In our reading from Matthew, John the Baptist calls the people of God to repent and be prepared for the coming of the Lord. He, too, referred to God as a forester. Listen: “Even now the axe lying at the root of the trees; every tree therefore that is not bearing good fruit is cut down and thrown into the fire.”
Like Isaiah before him, John had a lively vision of the future, which was at odds with what people could see. And John knew that this new future required repentance. There is a direct relationship between hope and repentance, for repentance literally means to turn in a new direction. Repentance is not about feeling guilty and remorseful about the past as much as it is about moving on, and leaving the past behind for a new future.
Advent invites us to keep our eyes fixed not on the dead stumps, but on “the root of Jesse”: Jesus Christ our Lord. Once upon a time nobody saw him coming except for a few prophets. But now we look to him. And when we look to him it’s not hard to envision new possibilities, new worlds, new lives.

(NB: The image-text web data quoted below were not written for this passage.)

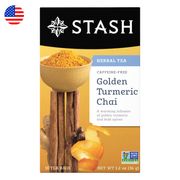 Te Stash Herbal Cúrcuma Chai 18 Bolsas 36 g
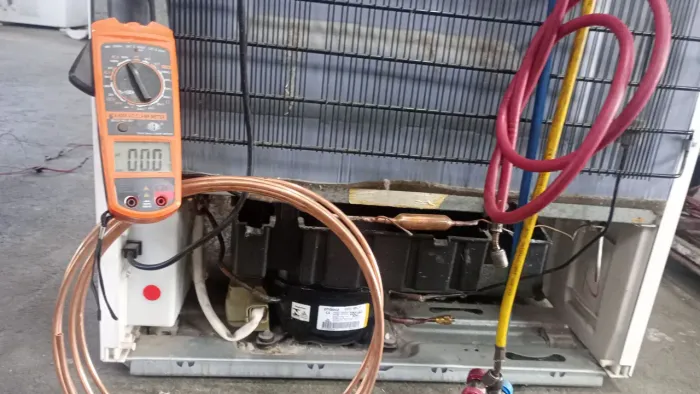 REI DA GELADEIRA - TROCA DE MOTOR - GARANTIA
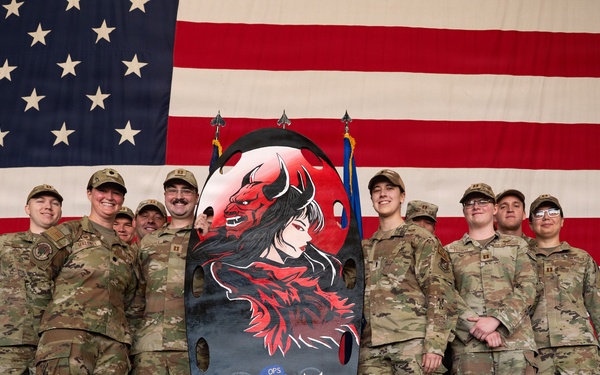 8th Civil Engineer Squadron welcome its new commander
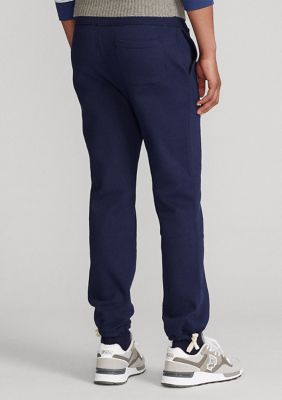 POLO RALPH LAUREN THE RL FLEECE LOGO JOGGER PANT, Navy blue Men's Casual  Pants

When you look to him it is not hard to imagine a new church, a changed society, a transformed world. It is not hard to imagine a world without fear or hatred. It is not hard to imagine a world full of justice and righteousness, security and peace. Not just for us, or for our country, but for our neighbors near and far, for the whole world which God loves and for which Christ died. A future that leaves no one out. That is what we are invited to imagine. We look to Jesus, for he is our hope, and wherever Jesus is, you are sure to see new shoots growing out of old stumps. Amen.